Prostaglandin production is affected by many factors, including natural body processes, diet, and drugs. The body produces prostaglandins in response to tissue or blood vessel injury. The ingestion of various types of dietary fats stimulates the body to produce prostaglandins, some beneficial and some potentially harmful. Finally, the production of prostaglandin can be controlled through non-steroidal anti-inflammatory drugs (NSAIDs) like aspirin.
The body’s production of the fatty-acid derivative prostaglandin has effects on nearly every organ of the body. Some prostaglandins cause inflammation, fever, and pain in response to illness or injury, while other types inhibit the inflammatory response. Prostaglandins also cause uterine contractions during pregnancy. They act in a way that is similar to hormones in that they cause changes in body processes, but they are produced in body cells in the area where their action is required.

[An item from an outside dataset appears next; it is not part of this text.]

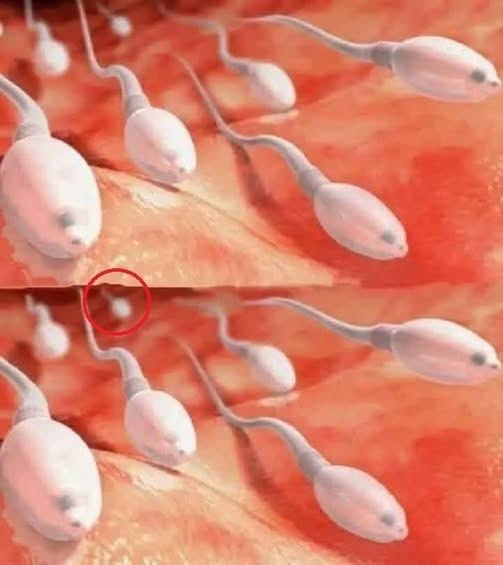 Representación gráfica de espermatozoides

Aspirin and other NSAIDs act to reduce prostaglandin production and reduce pain and inflammation, but they also inhibit the production of beneficial prostaglandins. Another class of drugs called selective COX-2 inhibitors act to reduce only pro-inflammatory prostaglandin production while leaving beneficial prostaglandins alone.
The production of prostaglandin has an important role in causing the uterine contractions that lead to childbirth. To induce labor, prostaglandins can be applied to the cervix or taken orally. Interestingly, seminal fluid also contains prostaglandins, leading to the scientifically disproven theory that having sexual intercourse will stimulate labor.

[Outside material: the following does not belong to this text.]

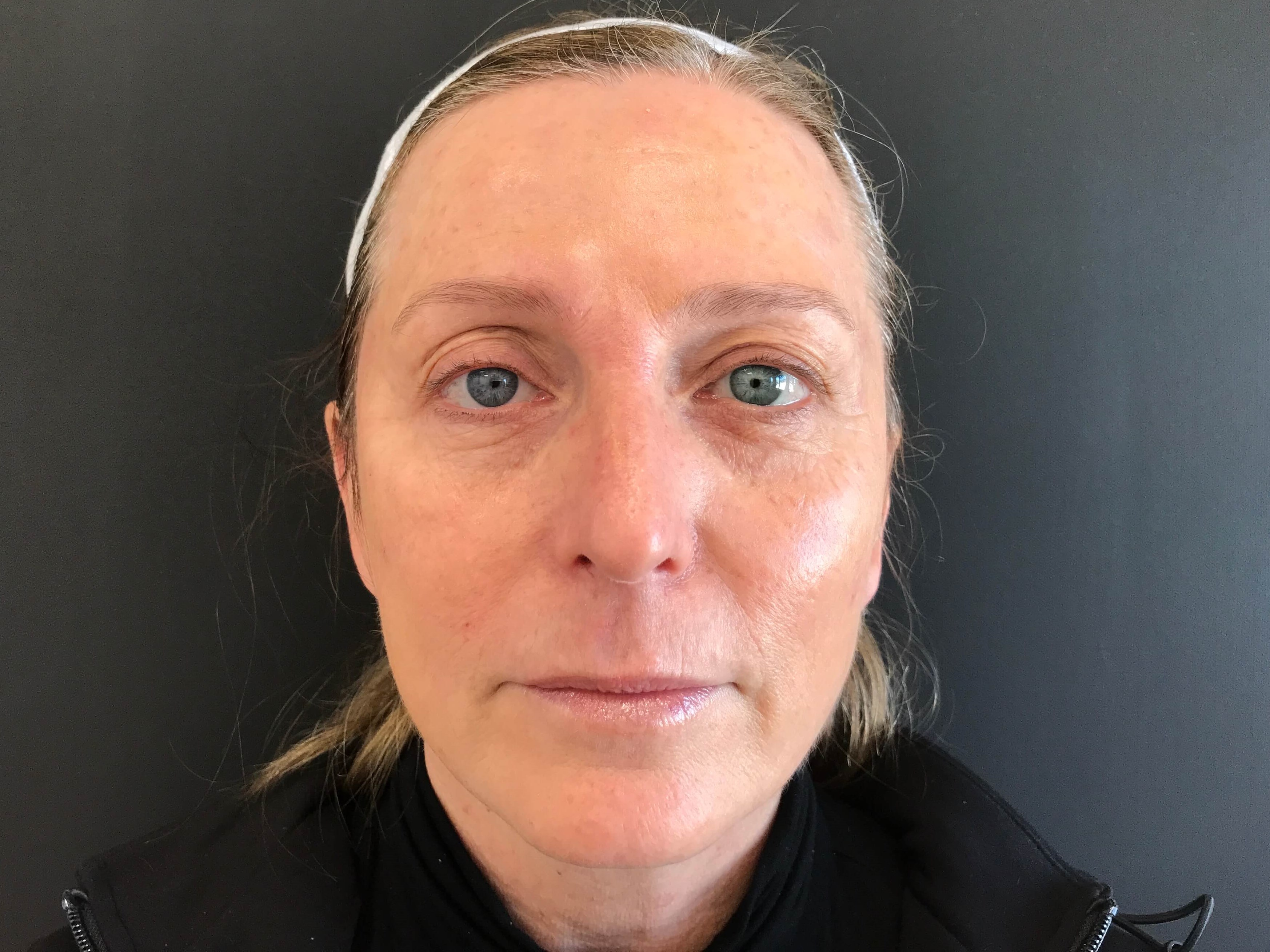 Sculptra before and after Immediately After Treatment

As prostaglandins are derived and synthesized from fatty acids, the diet can be used to either suppress antagonistic prostaglandins that cause pain and inflammation or to stimulate beneficial prostaglandin production to decrease inflammation. Foods that are high in saturated animal fat, like red meat and dairy, contain arachidonic acid (AA). This fatty acid is a precursor of antagonistic prostaglandin production that produces inflammation in the body, including the type of prostaglandin that increases uterine contractions.
Foods containing plant oils and B vitamins, like nuts and seeds, contain linoleic acid (LA), which is converted to gamma-linoleic acid (GLA) in the body. LA and GLA stimulate anti-inflammatory prostaglandin production. Fish oils containing eicosapentaenoic acid (EPA), evening primrose oil, and borage oil supplements also contain high amounts of GLA.

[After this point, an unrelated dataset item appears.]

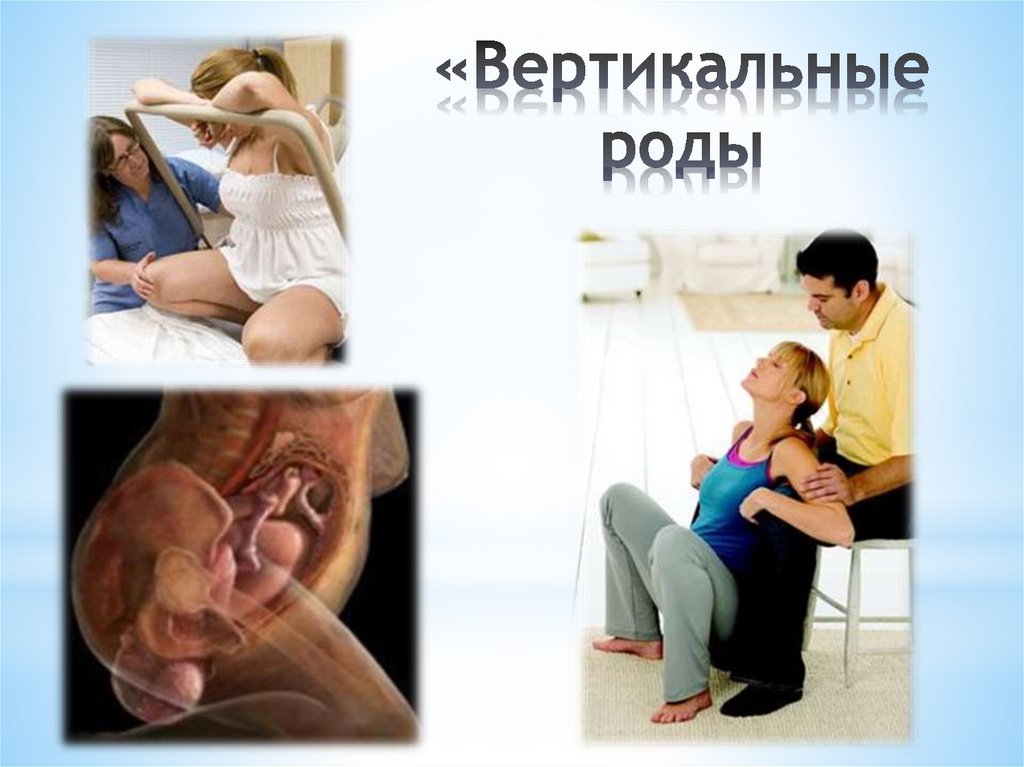 «Вертикальные роды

Other substances may increase beneficial production of prostaglandin while suppressing inflammatory prostaglandins. Bromelain is an enzymatic substance derived from pineapples that has been used historically to treat inflammatory conditions. Although results have been mixed, some studies show that it suppresses inflammatory prostaglandins produced as the result of osteoarthritis, digestive disorders, and sinusitis. Turmeric, mangosteen, and pomegranate have also shown prostaglandin-suppressing qualities and should be studied further for their effects on prostaglandin production.